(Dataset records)
+++++
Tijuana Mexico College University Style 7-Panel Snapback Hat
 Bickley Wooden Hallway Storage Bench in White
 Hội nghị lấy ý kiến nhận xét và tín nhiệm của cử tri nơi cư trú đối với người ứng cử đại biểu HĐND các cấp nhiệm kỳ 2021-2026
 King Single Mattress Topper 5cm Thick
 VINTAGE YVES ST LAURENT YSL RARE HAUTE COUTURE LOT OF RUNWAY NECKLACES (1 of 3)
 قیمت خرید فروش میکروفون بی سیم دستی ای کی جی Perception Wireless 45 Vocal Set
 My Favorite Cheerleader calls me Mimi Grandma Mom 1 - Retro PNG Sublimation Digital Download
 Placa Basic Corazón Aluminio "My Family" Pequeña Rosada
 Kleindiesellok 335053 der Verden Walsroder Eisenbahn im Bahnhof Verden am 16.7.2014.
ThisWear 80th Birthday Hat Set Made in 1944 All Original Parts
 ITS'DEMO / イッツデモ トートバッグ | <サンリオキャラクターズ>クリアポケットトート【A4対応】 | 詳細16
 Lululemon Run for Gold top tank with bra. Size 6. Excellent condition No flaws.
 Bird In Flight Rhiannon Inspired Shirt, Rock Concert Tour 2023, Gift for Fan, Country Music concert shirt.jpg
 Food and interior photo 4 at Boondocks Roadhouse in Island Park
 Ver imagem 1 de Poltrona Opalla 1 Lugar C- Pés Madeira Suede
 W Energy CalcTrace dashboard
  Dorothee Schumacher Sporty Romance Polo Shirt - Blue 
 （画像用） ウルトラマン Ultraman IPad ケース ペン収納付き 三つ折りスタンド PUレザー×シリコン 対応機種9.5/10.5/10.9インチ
+++++
_Exercise directions_
Check each line above for the string "Shirt" and return those that contain it.

_Output of the exercise_
 Bird In Flight Rhiannon Inspired Shirt, Rock Concert Tour 2023, Gift for Fan, Country Music concert shirt.jpg
  Dorothee Schumacher Sporty Romance Polo Shirt - Blue 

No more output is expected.